/A2DUG

Primary LanguagePythonMIT LicenseMIT

A2DUG

This repository is the codebase of a paper "A Simple and Scalable Graph Neural Network for Large Directed Graphs".

Supported Models

Installation

The A2DUG codebase uses the following dependencies:

  • python 3 (tested with 3.8)
  • numpy (tested with 1.23.4)
  • pytorch (tested with 1.11.0)

We recommend installing using conda. The following will install all dependencies:

git clone https://github.com/seijimaekawa/A2DUG.git
cd A2DUG
conda create --name a2dug python=3.8
conda activate a2dug
conda install pytorch==1.11.0 cudatoolkit=11.3 -c pytorch
pip install -r requirements.txt

Instruction for Running Methods

You can run the code using the best parameter set used in our paper:

python src/main.py --model A2DUG --dataset arxiv-year 

For large-scale graphs (snap-patents, pokec, and wiki), you can use --minibatch option as follows:

python src/main.py --model A2DUG --dataset pokec --minibatch

The code saves the experimental results into experiments/.

Edge Direction

For methods that can input a graph as either directed or undirected (LINK, LINKX, and GloGNN++), you can specify --directed option as follows:

python src/main.py --model LINKX --dataset arxiv-year --directed

If you do not specify the option, an input graph is used as undirected.

Ablation Study

To reproduce the ablation study in the paper, you can run A2DUG with --wo_direction, --wo_undirected, --wo_agg, --wo_adj, or --wo_transpose as follows:

python src/main.py --model A2DUG --dataset arxiv-year --wo_directed
python src/main.py --model A2DUG --dataset arxiv-year --wo_undirected
python src/main.py --model A2DUG --dataset arxiv-year --wo_agg
python src/main.py --model A2DUG --dataset arxiv-year --wo_adj
python src/main.py --model A2DUG --dataset arxiv-year --wo_transpose

Hyperparameters

Search Space

The hyperparameter search space for each model is listed in json files.

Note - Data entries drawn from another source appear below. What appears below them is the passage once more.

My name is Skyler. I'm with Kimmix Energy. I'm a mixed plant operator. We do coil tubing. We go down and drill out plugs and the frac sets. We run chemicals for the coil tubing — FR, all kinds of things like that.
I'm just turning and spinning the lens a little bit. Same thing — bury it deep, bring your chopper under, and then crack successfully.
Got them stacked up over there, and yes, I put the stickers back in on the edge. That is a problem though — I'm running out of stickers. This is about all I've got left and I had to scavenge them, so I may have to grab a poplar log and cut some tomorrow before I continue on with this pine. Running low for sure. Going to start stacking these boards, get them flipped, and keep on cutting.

The Best Sets of Hyperparameters for Each Experiment

Also, we show the best parameter sets used in Table 2, 3, 4, 5, and 9 in the paper.

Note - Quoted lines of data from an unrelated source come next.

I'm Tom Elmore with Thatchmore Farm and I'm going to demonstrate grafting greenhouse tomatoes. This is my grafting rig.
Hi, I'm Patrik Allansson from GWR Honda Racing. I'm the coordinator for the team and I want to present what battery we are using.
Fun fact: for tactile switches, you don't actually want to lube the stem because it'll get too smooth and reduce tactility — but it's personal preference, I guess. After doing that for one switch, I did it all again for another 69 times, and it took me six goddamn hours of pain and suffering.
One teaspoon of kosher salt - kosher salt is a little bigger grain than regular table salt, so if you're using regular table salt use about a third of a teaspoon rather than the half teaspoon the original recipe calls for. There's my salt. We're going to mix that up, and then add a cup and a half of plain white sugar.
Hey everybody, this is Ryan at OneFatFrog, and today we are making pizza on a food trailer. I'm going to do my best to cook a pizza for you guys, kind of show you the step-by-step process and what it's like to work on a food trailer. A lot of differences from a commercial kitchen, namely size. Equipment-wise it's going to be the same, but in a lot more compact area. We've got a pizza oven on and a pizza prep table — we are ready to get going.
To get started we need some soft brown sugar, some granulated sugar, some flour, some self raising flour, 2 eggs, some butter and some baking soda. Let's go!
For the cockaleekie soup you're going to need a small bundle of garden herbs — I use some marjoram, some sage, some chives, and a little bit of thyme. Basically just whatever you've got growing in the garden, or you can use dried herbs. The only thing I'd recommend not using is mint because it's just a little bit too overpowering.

Running Hyper Parameter Search

cd A2DUG
python src/main.py --model A2DUG --dataset arxiv-year --optuna

The code loads the hyperparameter search space specified in the json files. After 100 runs, the code saves the best parameter set to the folder: best parameter sets.

Built-in Datasets

This framework allows users to use real-world datasets as follows:

Dataset Nodes Edges Undirected Edges Attributes Labels Prediction Target
cornell 183 298 280 1,703 5 web page catefogy
texas 183 325 295 1,703 5 web page catefogy
wisconsin 251 515 466 1,703 5 web page catefogy
citeseer 3,327 4,715 4,660 3,703 6 research field
cora_ml 2,995 8,416 8,158 2,879 7 research field
chameleon-filtered 890 13,584 8,904 2,325 5 web page traffic
squirrel-filtered 2,223 65,718 47,138 2,089 5 web page traffic
genius 421,961 984,979 922,868 12 2 marked act.
ogbn-arxiv 169,343 1,166,243 1,157,799 128 40 research field
arxiv-year 169,343 1,166,243 1,157,799 128 5 publication year
snap-patents 2,923,922 13,975,788 13,972,547 269 5 time granted
pokec 1,632,803 30,622,564 22,301,964 65 2 gender
wiki 1,925,342 303,434,860 242,605,360 600 5 total page views

By changing --dataset [dataset name], users can choose a dataset.

Edge homophily ratio

We provide a Jupyter notebook for calculating edge homophily ratios.

Hardware

We assume that all experiments are conducted with a single NVIDIA A100-PCIE-40GB.